Maar deze situatie is niet nieuw. Reeds een half jaar na de putsch ging Igor Kolomojski, één van de meest prominente oligarchen, er met 1,8 miljard dollar van het Internationaal Monetair Fonds (IMF) voor Oekraïne van door. Inmiddels woont hij in Amerika. Deze schelmenstreek weerhoudt het Westen echter evenmin als andere van dergelijke voorvallen van om de betalingen voort te zetten. Zo werd in maart bekend dat een bedrag van twee miljoen dollar van de Verenigde Staten en de Europese Unie dat specifiek bestemd was voor hervorming van het gerechtelijk apparaat verdwenen was, nota bene via het ‘Anti-Corruption Action Centre’.
Kennelijk niet onder de indruk van dit soort zaken hebben de VS op de nucleaire top in Washington in april Oekraïne extra militaire hulp ter waarde van 335 miljoen dollar toegezegd.
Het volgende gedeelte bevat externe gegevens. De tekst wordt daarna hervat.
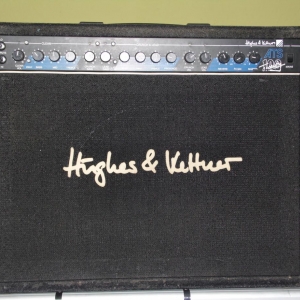 Hughes & Kettner ATS 120 gebaut so 88/89 120 Watt Hybridamp
3 Kanäle: Clean - Crunch - Lead
ersterer Solid State Vorstufe - Crunch und Lead haben eine Röhren Vorstufe - die Endstufe Transistor. 12" Celestion Speaker.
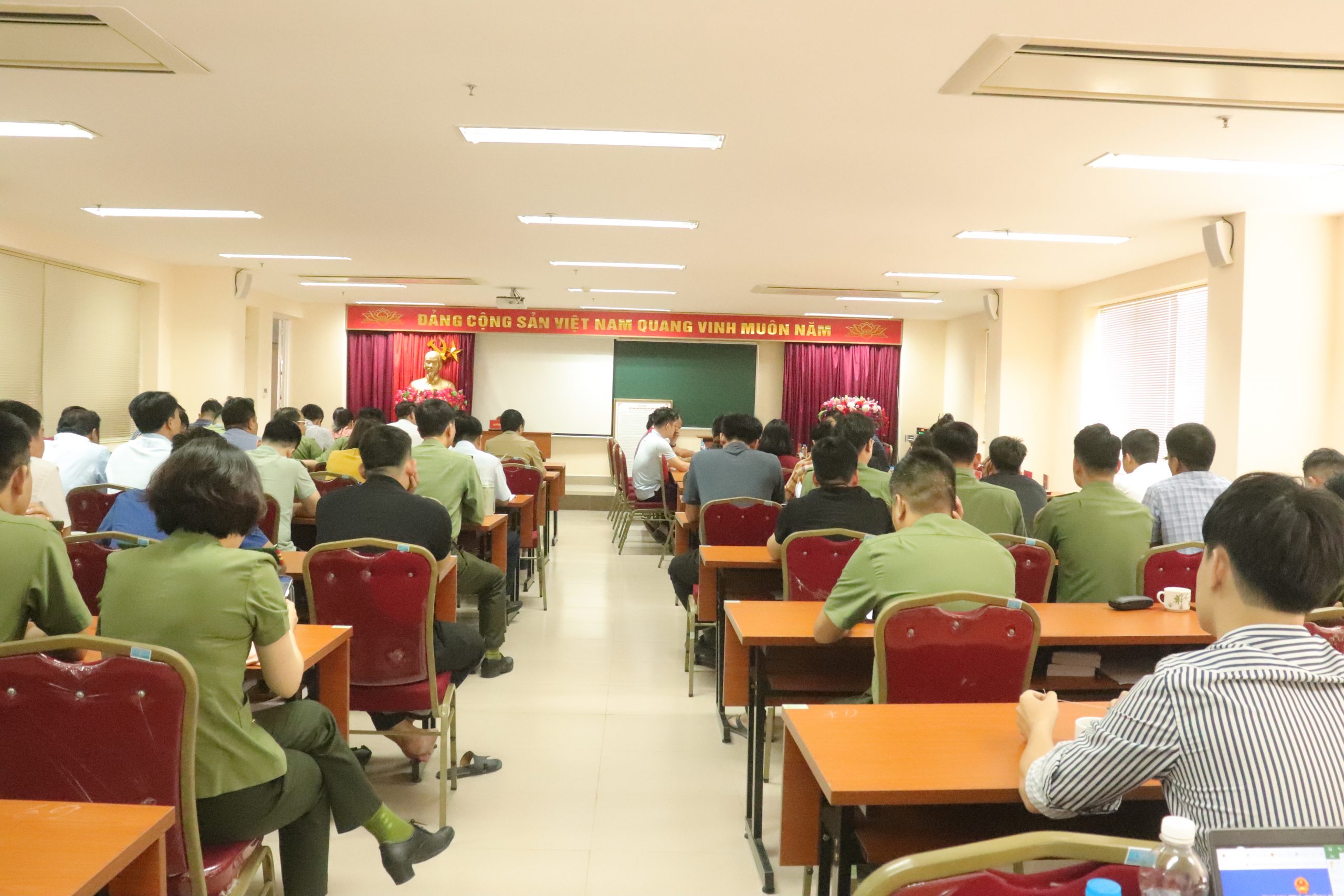 Không ngừng nâng cao chất lượng các Chương trình đào tạo, gắn liền kiến thức lý luận với thực tiễn, nằm trong khung Chương trình Bồi dưỡng nghiệp vụ Thanh tra viên K03/2023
Men hoopt allicht dat bij de wapenhandel de fondsen wel voor het bestemde doel aangewend zullen worden. In Amerika spreekt men over ‘veiligheidsondersteuning’, hoewel men daar in het Donbasbekken wel anders over zal denken.
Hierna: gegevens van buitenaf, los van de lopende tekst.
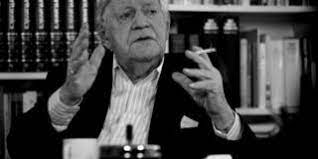 Bei den hamburgern geschätzt und sehr beliebt war auch helmut schmidts ehefrau loki schmidt (91, † 2010), die sich bis zu ihrem tod für den naturschutz sowie die erhaltung und erforschung der. Altbundeskanzler Helmut Schmidt Ist Gestorben Ein Nachruf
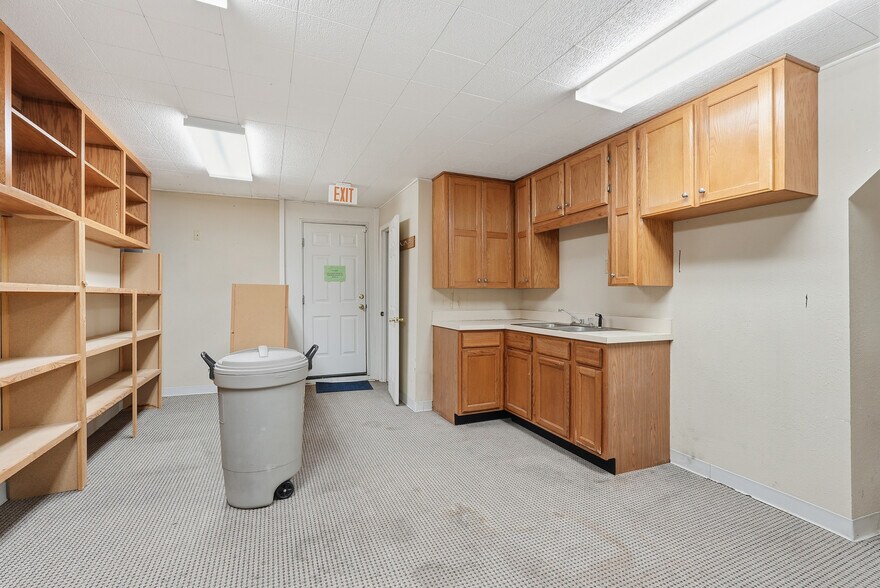 More Photos Of 1016 Van Ronkle St, Conway General Retail For Sale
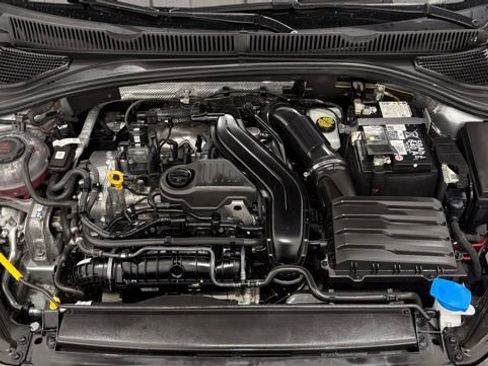 Used 2024 Volkswagen Jetta SE image 8
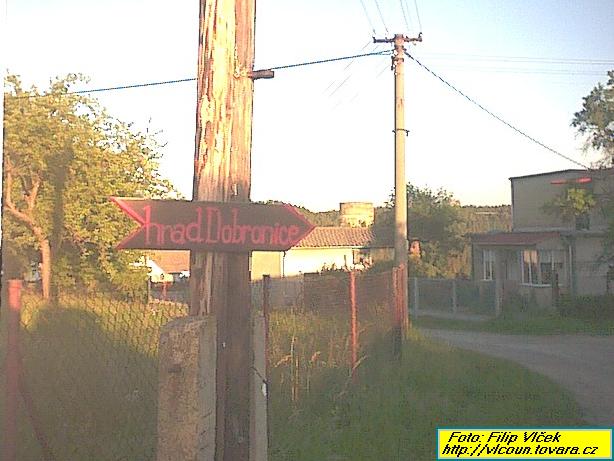 Hrad je vidt i z horn sti obce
Maar niet alleen de VS slaan geen acht op slechte ervaringen. Ongeacht de 1,8 miljard waarmee Kolomojski aan de haal ging, zegde het IMF Oekraïne dit jaar opnieuw 17,5 miljard dollar toe, waarvan 6,7 miljard reeds uitbetaald is. Nu de geluiden over corruptie ook doordringen tot de Amerikaanse pers wordt de kraan even dichtgedraaid. Dat heeft zelfs al tot een waarschuwing van de Amerikaanse vice-president Joe Biden geleid: “Corruptie”, zo stelde Biden, “vreet de Oekraïne aan als kanker.” Een gepast woord uit de verkeerde mond. De zoon van de Amerikaanse vice-president, Hunter Biden, bekleed immers sinds de coup een positie in het bestuur van de Oekraïense gasreus Burisma. In de raad van toezicht daarvan zitten nog meer Amerikanen, waaronder Devon Archer, een huisvriend van de Amerikaanse minister van Buitenlandse Zaken John Kerry. Op de achtergrond wordt het gasbedrijf geleid door de oud-minister Nikolaj Slotsjevskij.
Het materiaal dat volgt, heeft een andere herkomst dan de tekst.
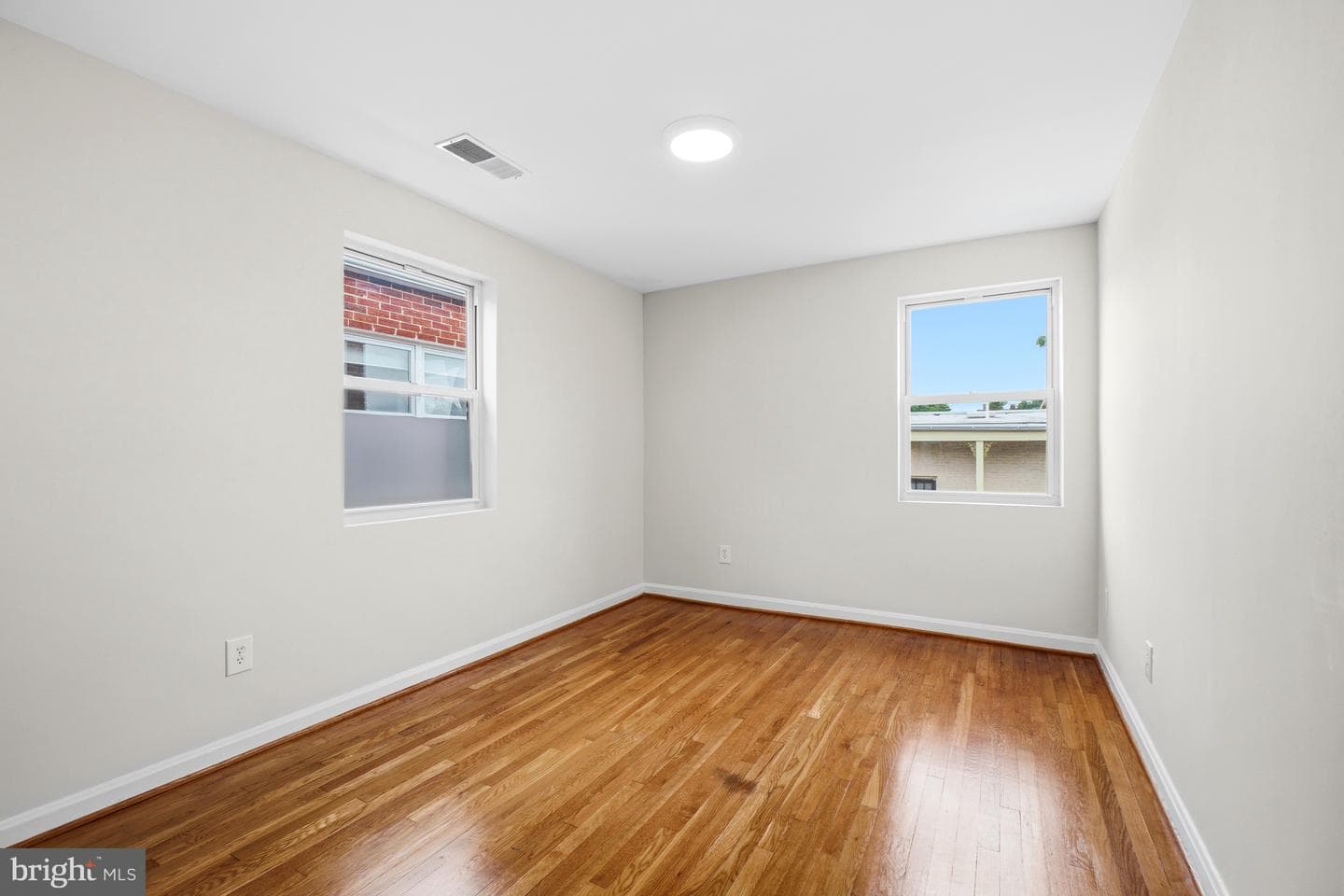 626 Independence Avenue SE #304 photo 17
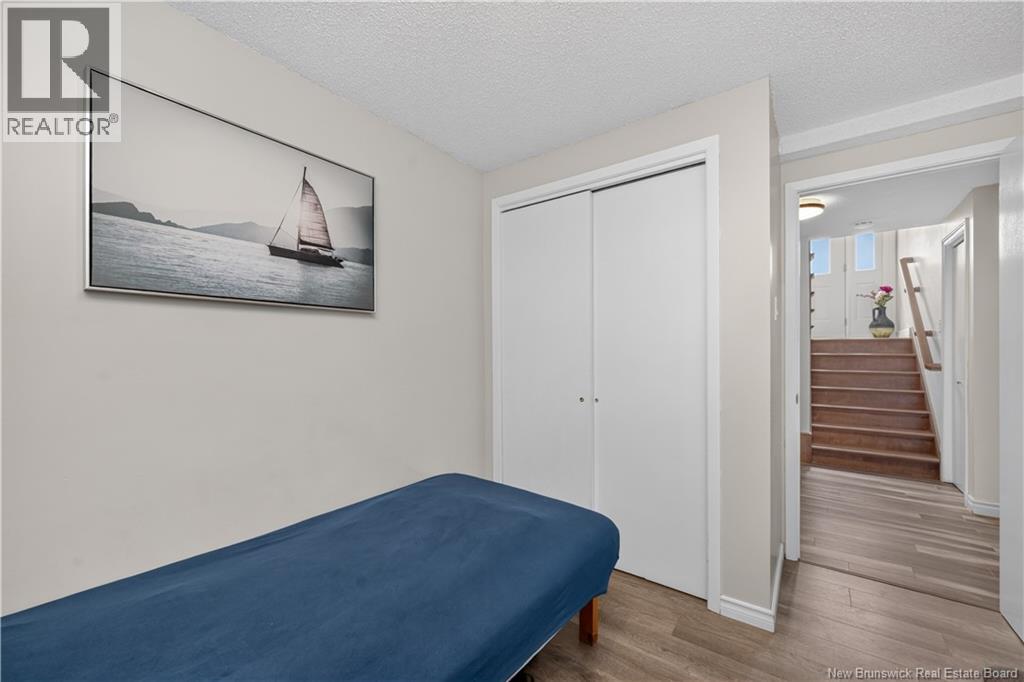 81 Queensway Drive Property Photo 40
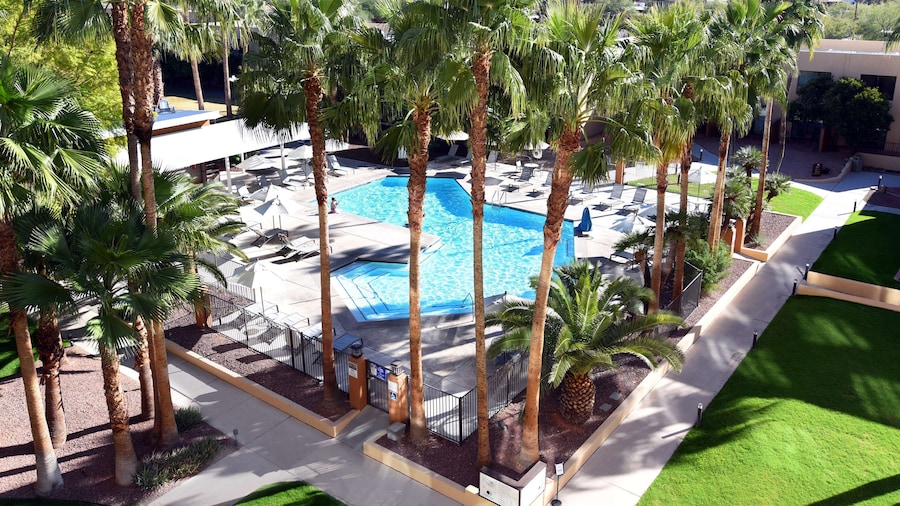 DoubleTree by Hilton Tucson - Reid Park
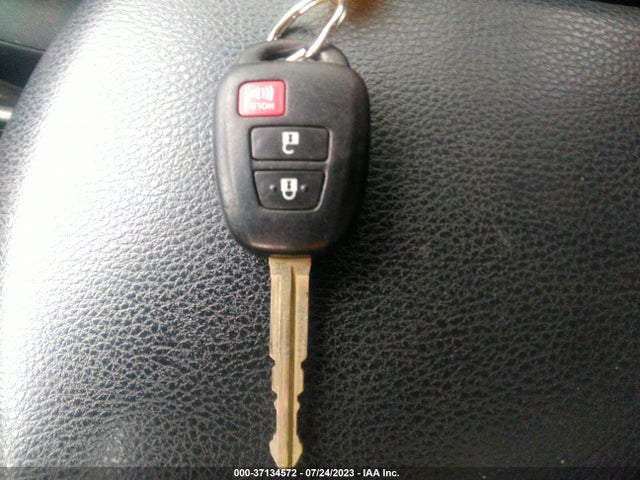 Toyota RAV4 LE 2016 JTMZFREV8GJ075189 Image 3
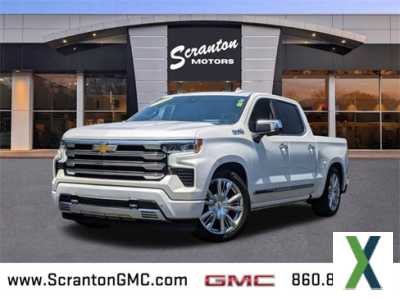 Photo Used 2022 Chevrolet Silverado 1500 High Country w/ High Country Premium Package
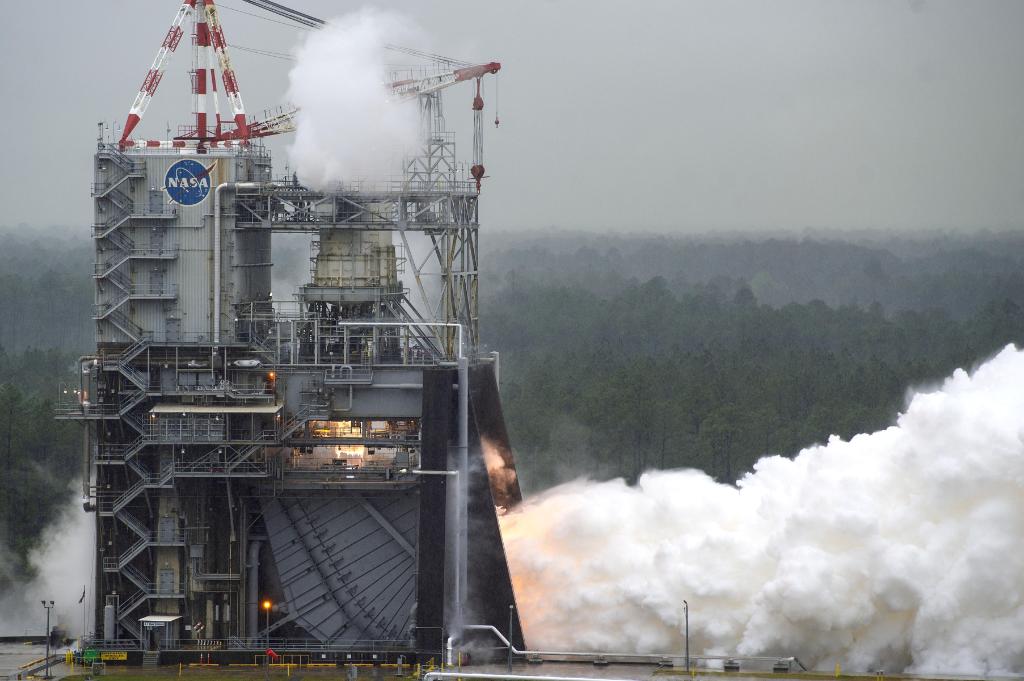 NASA_SLS tweet picture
En zo blijven dan vrolijk de miljoenen naar Kiev vloeien. Als het IMF niet betaalt, dan zijn het wel de Verenigde Staten. Zo maakte het Witte Huis op 19 juni jongstleden bekend nog eens 220 miljoen dollar beschikbaar te stellen voor Oekraïne, allemaal met het oog op ‘versterking van de democratie en rechtstaat’ natuurlijk. Begin juni had de Overseas Private Investment Corporation (ondanks de misleidende naam een overheidsinstelling) reeds 62,5 miljoen uitgetrokken voor Oekraïne. Die som komt bovenop een reeds geheel uitbetaalde van 185 miljoen. In het begrotingsontwerp van de VS voor het komende jaar is daarbij reeds 150 miljoen gereserveerd voor bijkomende militaire hulp.
Bij de EU heeft Oekraïne inmiddels zo’n 23 miljard euro aan schulden uitstaan. De financieel analist Alexander Okchrimenko, stelt dat de afbetaling daarvan over 20 jaar uitgesmeerd moet worden en dat de waarschijnlijkheid van een staatsbankroet in de loop van dit jaar rond de vijftig procent ligt, aldus het Handelsblatt. Voor het IMF, de VS en de EU is dat waarschijnlijk reden om nog meer geld uit te trekken voor Oekraïne.